Jesus and Big Think

Etienne Parrocel (1696-1775), Jesus et la Samaritaine
Etienne Parrocel (1696-1775), Jesus et la Samaritaine (photo: Public Domain)

The things we think big can be curiously small to God. We often make this mistake when watching the news, for instance. When the TV starts chattering about Washington or New York or inflation or politics, an incautious person could easily get the impression these things are important. But in light of the way God seems to actually deal with us this geopolitical Big Think stuff--like virtually everything on television--usually vanishes into microscopic insignificance.

Consider ancient Israel. Gobs of Old Testament ink are spilled on the fortunes of kings and the policies of princes. Just like when we watch the news, we may think we know what we're seeing. Real life is What Happens to Top People. What happens to a bunch of obscure peasants is small beer.

Yet despite all the sweep and scope of the vast Old Testament drama with nations rising and falling, kingdoms in conflict, armies marching, and enormous geopolitical forces at work, God saw in all this, at best, a metaphor for where life really happens: in a one-on-one encounter with Christ. Everything in the Old Testament was leading up, not to more politics and bigger armies, but to a Jewish girl named Mary at her prayers, to the birth of an obscure peasant baby and the death and resurrection of an obscure peasant carpenter on the fringes of civilization. The giant miracles like the parting of Red Sea and the manna in the wilderness point not to bigger Cinemascope productions but to quiet human encounters with God in the simple miracles of Baptism, Eucharist, and the repentance of a human heart.

Jesus ultimately had very little use for such Big Picture Thinking as the Six O'Clock News offers. That is why he spoke to the Samaritan woman at the well so directly in John 4. She was, no doubt, a big fan of CNN. When Jesus spoke to her about her actual life of marital musical chairs, she diverted conversation away from such "small matters" to the Big Picture of Religious Conflict Between Israel and Samaria. Not for her the small life of integrity before God. She wanted to talk Big Think abstractions like "Temple and Worship Regulations in Jewish and Samaritan Theology: Comparison and Contrast."

Jesus would have none of it. He firmly redirected conversation back to the two of them, face to face. When she tried again to duck by pleading dumb ("When the Messiah comes he will explain things."), Jesus replied with characteristic bluntness: "I who speak to you am He." Willy nilly, she had to face God here, in the ordinary present moment, not in some vague Future.

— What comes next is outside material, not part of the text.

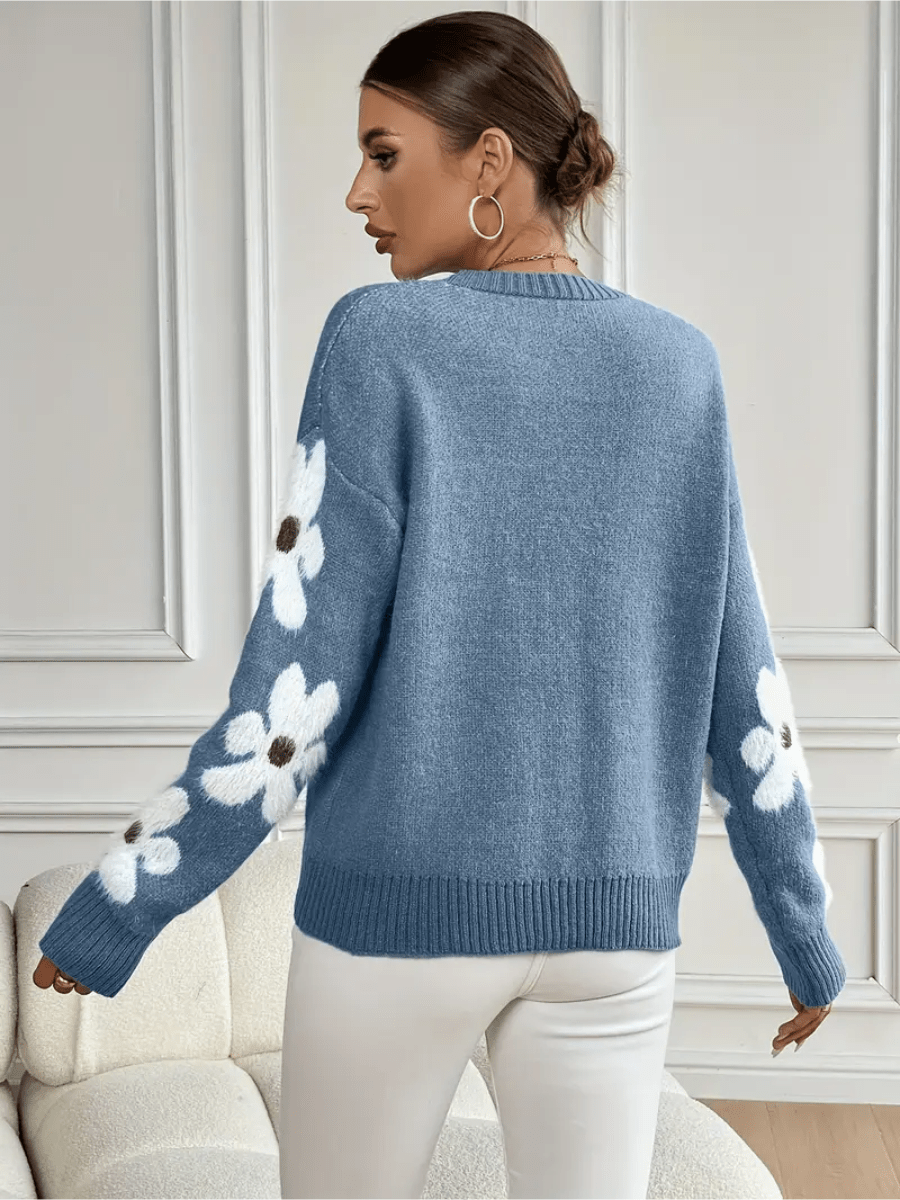 Bequemes Damenkleid - Florales Sweatshirt Komfort - IdealeKleiden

Nothing's changed. God knows that for many of us Politics, Philosophy, the Future and other Big Think diversions are often what we do in order to keep from having to talk about where we really live right now. How easy to blab about Federal Programs to Help the Family. How hard to actually talk to your spouse. How easy to love Humanity. How hard to love your mother-in-law. How easy to chatter about Posterity. How hard to change diapers.

Does this mean that geo-political matters are worthless? Far from it. Whether we create a free republic or a Nazi hell, a healthy world or a polluted cesspool is of great interest to God. But politics was made for man, not man for politics. Such matters interest our Father only insofar as they help or hinder us in loving him and one another. They do not exist for their own sake, but for ours. As the Pope has pointed out, it is not kingdoms, corporations, philosophies and political systems for which Christ died. It is, rather, you and I, with our runny noses, dirty diapers, mundane problems and five o'clock shadow who are the only things in all the world created for our own sake simply for the delight of God.